More details have emerged about the rape accusations made against former Knicks’ star Kristaps Porzingis. The story just keeps getting more complicated.
Any NBA action this weekend was largely overshadowed by a rape complaint filed with the NYPD against former Knicks’ star Kristaps Porzingis. The complaint was filed Thursday and news of it broke in the New York Post on Friday evening. The alleged incident occurred over a year ago, on Feb. 7, 2018, just hours after Porzingis tore his ACL, an injury that has kept him off the court ever since.
The initial reporting put some baseline details in place — the alleged victim was an acquaintance of Porzingis’ who lived in the same apartment building and had been invited over by the star.
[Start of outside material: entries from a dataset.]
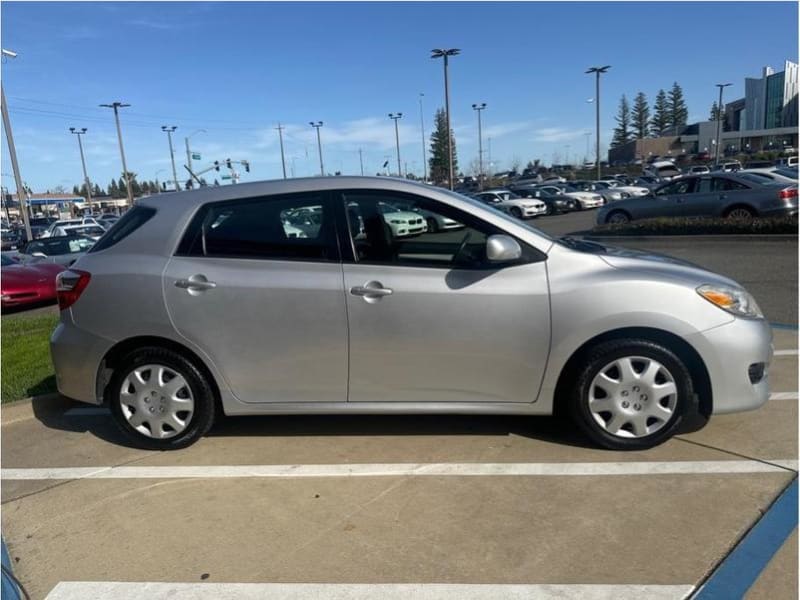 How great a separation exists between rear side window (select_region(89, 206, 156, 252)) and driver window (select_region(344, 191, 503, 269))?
142 centimetres

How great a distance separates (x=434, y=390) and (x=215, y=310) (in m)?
1.48

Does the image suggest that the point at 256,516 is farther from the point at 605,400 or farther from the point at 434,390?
the point at 605,400

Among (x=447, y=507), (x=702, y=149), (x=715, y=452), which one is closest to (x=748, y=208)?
(x=715, y=452)

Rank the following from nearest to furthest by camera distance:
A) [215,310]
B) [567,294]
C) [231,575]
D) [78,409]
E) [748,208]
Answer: [231,575] < [567,294] < [215,310] < [78,409] < [748,208]

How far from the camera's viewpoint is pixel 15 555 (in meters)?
3.05

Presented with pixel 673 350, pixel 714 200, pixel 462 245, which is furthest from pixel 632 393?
pixel 714 200

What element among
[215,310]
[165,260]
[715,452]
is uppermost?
[165,260]

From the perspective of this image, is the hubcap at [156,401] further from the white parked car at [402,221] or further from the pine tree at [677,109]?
the pine tree at [677,109]

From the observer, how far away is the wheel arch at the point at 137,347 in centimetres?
400

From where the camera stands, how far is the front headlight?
3.62m

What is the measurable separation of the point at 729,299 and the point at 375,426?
2.44 m

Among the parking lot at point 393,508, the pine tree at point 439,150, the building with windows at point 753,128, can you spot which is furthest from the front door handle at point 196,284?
the building with windows at point 753,128

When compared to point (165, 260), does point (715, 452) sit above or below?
below

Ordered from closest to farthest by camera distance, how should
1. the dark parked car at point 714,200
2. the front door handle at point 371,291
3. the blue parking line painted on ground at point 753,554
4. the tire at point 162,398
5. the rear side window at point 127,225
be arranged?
the blue parking line painted on ground at point 753,554
the front door handle at point 371,291
the tire at point 162,398
the rear side window at point 127,225
the dark parked car at point 714,200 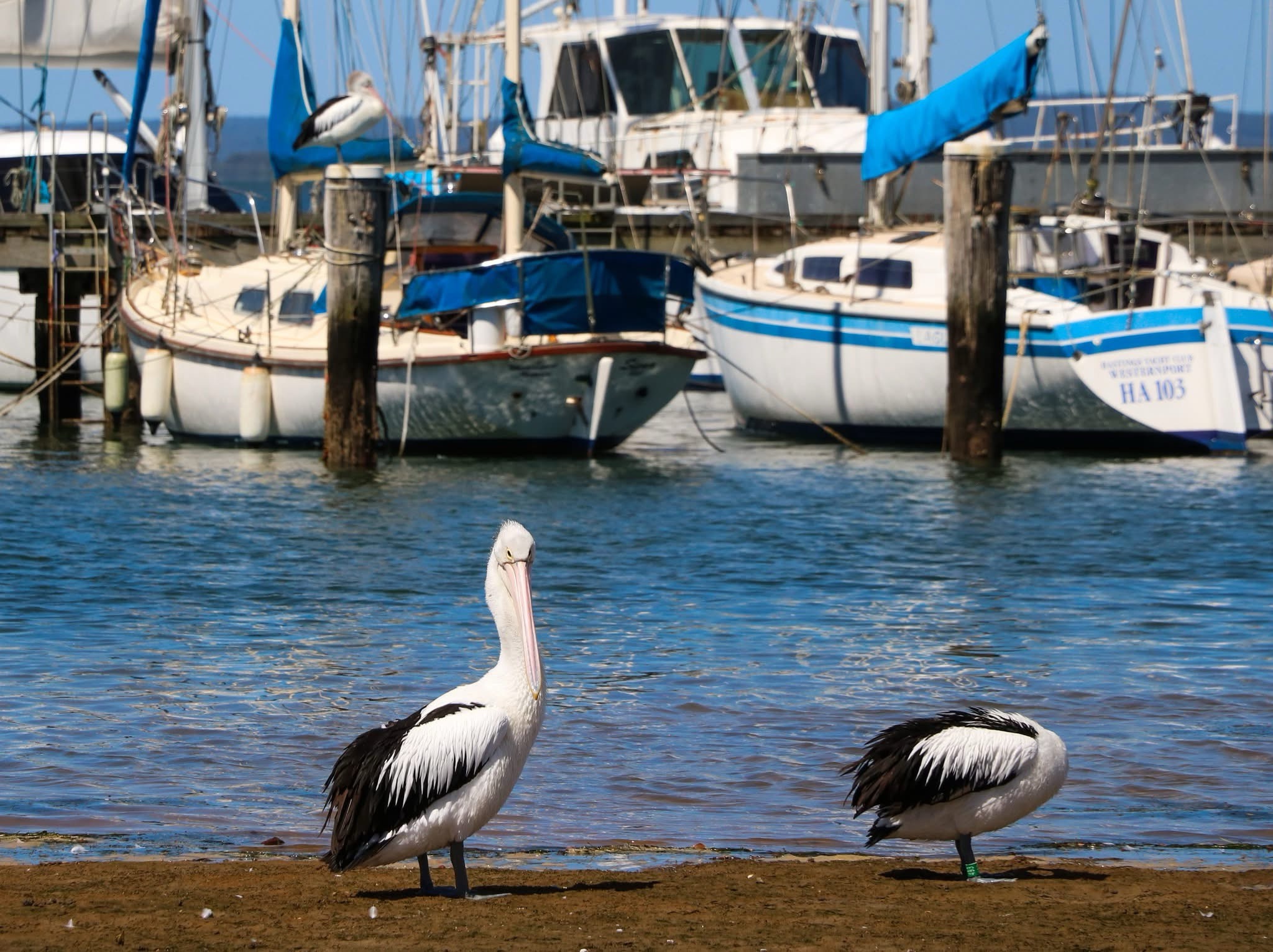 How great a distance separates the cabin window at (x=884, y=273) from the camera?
2244 cm

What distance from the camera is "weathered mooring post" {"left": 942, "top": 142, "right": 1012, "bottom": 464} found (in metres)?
19.0

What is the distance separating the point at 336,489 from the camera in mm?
18203

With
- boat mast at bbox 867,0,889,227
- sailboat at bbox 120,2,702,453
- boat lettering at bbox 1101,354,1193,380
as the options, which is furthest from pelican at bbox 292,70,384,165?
boat lettering at bbox 1101,354,1193,380

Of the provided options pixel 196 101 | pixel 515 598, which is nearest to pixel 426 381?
pixel 196 101

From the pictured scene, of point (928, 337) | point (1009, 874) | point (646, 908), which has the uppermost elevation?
point (928, 337)

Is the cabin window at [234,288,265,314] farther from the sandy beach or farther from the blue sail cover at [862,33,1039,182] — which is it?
the sandy beach

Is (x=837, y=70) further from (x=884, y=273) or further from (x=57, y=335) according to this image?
(x=57, y=335)

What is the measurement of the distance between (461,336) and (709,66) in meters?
14.6

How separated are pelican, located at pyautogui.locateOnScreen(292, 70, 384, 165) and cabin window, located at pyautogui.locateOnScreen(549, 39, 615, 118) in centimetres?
1266

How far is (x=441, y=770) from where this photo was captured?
5.66 meters

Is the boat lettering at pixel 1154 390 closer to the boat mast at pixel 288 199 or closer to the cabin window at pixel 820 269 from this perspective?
the cabin window at pixel 820 269

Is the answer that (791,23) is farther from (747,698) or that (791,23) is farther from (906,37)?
(747,698)

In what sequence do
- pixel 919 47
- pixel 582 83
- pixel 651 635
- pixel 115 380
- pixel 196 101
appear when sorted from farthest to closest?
pixel 582 83, pixel 196 101, pixel 919 47, pixel 115 380, pixel 651 635

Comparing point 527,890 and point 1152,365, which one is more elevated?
point 1152,365
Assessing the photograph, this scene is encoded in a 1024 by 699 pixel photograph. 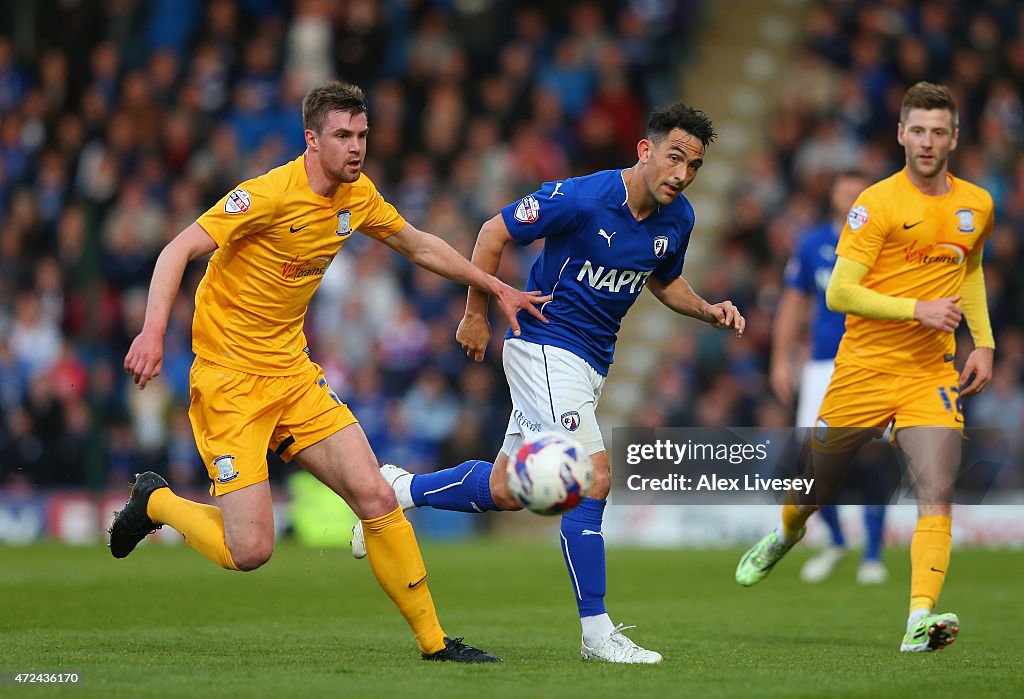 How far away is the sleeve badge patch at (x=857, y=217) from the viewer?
27.0 feet

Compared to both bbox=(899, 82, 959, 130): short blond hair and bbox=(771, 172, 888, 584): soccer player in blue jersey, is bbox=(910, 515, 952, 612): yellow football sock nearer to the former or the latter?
bbox=(899, 82, 959, 130): short blond hair

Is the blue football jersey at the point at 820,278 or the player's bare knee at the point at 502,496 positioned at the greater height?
the blue football jersey at the point at 820,278

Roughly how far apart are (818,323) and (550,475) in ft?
18.2

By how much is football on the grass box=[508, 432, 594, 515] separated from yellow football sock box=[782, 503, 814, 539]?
2290 millimetres

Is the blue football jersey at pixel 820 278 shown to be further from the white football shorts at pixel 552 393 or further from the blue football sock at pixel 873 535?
the white football shorts at pixel 552 393

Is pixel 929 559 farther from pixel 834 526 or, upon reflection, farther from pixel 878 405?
pixel 834 526

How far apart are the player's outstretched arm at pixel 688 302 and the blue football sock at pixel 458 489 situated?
1298 mm

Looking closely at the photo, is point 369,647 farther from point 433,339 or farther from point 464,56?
point 464,56

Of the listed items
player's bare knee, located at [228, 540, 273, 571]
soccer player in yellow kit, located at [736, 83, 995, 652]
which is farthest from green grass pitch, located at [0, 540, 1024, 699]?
soccer player in yellow kit, located at [736, 83, 995, 652]

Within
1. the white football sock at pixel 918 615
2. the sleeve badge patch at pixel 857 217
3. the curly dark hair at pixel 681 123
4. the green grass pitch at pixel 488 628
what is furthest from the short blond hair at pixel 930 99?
the green grass pitch at pixel 488 628

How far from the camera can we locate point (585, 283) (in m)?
7.82

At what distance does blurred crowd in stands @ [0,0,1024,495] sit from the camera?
16750mm

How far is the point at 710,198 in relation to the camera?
67.4 ft

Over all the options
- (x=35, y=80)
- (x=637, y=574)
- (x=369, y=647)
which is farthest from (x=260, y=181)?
(x=35, y=80) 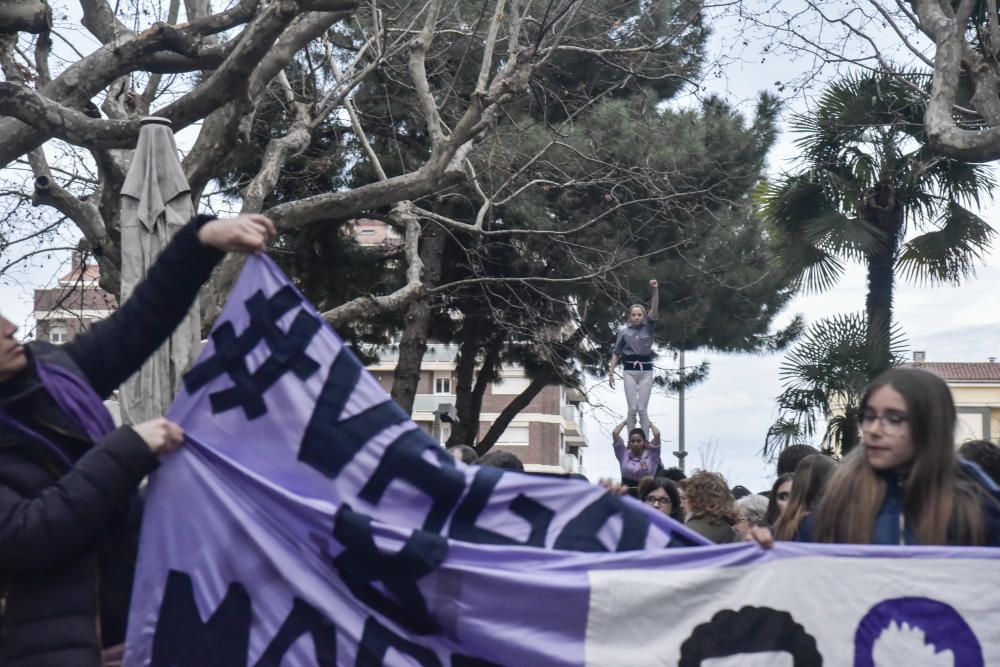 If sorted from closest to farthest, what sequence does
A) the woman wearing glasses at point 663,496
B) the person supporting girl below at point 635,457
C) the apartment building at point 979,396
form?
the woman wearing glasses at point 663,496, the person supporting girl below at point 635,457, the apartment building at point 979,396

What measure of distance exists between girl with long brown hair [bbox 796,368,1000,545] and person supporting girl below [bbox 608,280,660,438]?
28.0ft

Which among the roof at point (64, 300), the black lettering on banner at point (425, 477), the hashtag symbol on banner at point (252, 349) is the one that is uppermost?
the roof at point (64, 300)

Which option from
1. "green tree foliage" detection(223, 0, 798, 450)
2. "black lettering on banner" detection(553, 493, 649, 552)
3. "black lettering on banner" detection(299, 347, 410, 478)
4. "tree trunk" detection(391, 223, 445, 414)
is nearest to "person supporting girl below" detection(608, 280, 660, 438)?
"green tree foliage" detection(223, 0, 798, 450)

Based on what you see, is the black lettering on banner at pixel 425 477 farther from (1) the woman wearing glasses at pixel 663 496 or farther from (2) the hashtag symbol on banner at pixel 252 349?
(1) the woman wearing glasses at pixel 663 496

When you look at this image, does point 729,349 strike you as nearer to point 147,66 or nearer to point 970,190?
point 970,190

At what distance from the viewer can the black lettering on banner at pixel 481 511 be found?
3.29m

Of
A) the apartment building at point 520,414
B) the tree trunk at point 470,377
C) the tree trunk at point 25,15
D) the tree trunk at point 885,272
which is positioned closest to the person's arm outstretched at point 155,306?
the tree trunk at point 25,15

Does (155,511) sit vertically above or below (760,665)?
above

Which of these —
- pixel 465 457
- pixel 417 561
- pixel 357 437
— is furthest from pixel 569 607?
pixel 465 457

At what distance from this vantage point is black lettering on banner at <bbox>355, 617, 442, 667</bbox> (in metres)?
3.13

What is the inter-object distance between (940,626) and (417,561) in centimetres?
141

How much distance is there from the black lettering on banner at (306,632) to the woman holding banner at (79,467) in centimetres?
36

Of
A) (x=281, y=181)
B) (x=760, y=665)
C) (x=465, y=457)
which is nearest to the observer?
(x=760, y=665)

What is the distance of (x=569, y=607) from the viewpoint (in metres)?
3.26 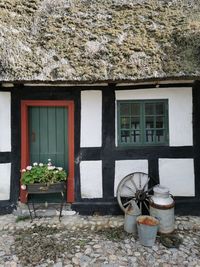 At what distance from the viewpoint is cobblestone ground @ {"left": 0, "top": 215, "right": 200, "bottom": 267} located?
3527 millimetres

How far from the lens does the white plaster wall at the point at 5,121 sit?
4.83m

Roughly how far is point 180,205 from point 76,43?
3320mm

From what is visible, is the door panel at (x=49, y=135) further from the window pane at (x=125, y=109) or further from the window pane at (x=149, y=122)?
the window pane at (x=149, y=122)

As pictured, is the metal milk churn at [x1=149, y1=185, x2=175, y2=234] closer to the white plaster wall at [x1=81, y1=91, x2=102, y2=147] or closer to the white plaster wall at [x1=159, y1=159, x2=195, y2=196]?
the white plaster wall at [x1=159, y1=159, x2=195, y2=196]

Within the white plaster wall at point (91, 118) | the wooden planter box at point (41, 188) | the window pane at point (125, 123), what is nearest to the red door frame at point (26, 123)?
the white plaster wall at point (91, 118)

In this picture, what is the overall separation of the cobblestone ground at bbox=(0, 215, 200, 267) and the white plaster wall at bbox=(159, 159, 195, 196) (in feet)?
1.65

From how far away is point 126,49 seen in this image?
14.6 feet

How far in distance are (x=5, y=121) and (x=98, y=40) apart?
213cm

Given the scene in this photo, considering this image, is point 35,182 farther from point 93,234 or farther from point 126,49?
point 126,49

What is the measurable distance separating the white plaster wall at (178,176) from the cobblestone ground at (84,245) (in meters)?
0.50

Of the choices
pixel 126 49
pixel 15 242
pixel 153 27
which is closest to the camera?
pixel 15 242

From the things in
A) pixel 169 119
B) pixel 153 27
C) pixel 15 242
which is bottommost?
pixel 15 242

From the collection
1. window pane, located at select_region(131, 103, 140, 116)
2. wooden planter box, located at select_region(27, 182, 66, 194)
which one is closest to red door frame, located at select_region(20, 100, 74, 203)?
wooden planter box, located at select_region(27, 182, 66, 194)

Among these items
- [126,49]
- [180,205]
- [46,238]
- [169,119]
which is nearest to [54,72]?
[126,49] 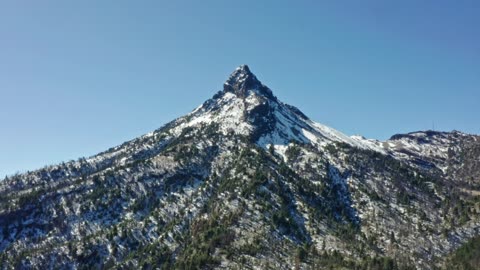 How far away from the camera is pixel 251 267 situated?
187m

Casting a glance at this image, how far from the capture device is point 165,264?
19762 cm

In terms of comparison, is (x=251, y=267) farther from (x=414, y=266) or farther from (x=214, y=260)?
(x=414, y=266)

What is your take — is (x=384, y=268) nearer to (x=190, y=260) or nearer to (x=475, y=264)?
(x=475, y=264)

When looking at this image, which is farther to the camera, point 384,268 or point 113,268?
point 113,268

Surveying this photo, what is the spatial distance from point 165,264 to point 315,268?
6765 centimetres

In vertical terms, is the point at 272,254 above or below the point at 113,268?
above

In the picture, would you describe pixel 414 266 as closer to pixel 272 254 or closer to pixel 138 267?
pixel 272 254

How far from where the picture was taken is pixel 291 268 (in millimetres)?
188000

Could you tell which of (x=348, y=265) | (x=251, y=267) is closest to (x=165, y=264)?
(x=251, y=267)

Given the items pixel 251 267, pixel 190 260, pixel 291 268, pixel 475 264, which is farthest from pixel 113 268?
pixel 475 264

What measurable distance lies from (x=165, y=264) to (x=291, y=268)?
188 ft

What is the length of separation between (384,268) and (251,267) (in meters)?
57.3

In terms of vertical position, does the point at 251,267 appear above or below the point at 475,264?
below

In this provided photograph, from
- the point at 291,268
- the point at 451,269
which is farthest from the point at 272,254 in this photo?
the point at 451,269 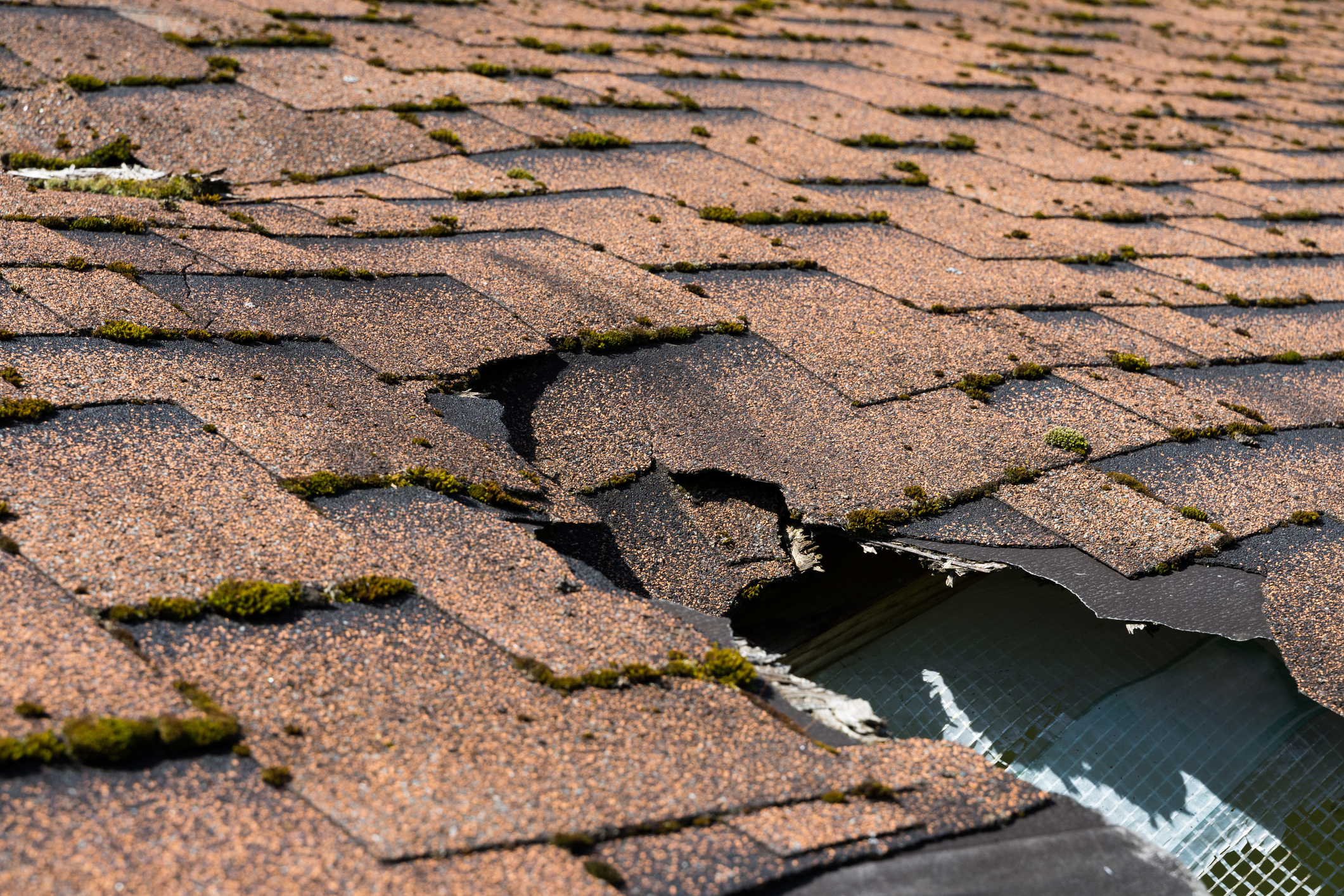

The details of the alleged assault were horrific but the issue was at least partially complicated by the fact that the victim did not contact police for 13 months, and in the interim had discussed a $68,000 payment with Porzingis to keep the incident quiet. Discussions of that payment led to Porzingis’ representation reaching out to federal authorities with allegations of extortion, information that was passed along to both the NBA and the Knicks, who notified the Mavericks in advance of their Feb. 1, 2019 trade for Porzingis being completed.
On Monday morning, ESPN’s Adrian Wojnarowski reported new details on the case, which almost certainly were relayed to him officially or unofficially by a source within in the Knicks organization. Wojnarowski’s reporting revealed that the alleged victim had contacted the Knicks this fall in an attempt to get the organization’s help in mediating payment of the $68,000 payment she said she and Porzingis had agreed to.
Among the other details revealed in this report:
- Emails and text messages between the woman and Porzingis from after the alleged assault, “portray a woman who wanted to pursue a romantic relationship with Porzingis”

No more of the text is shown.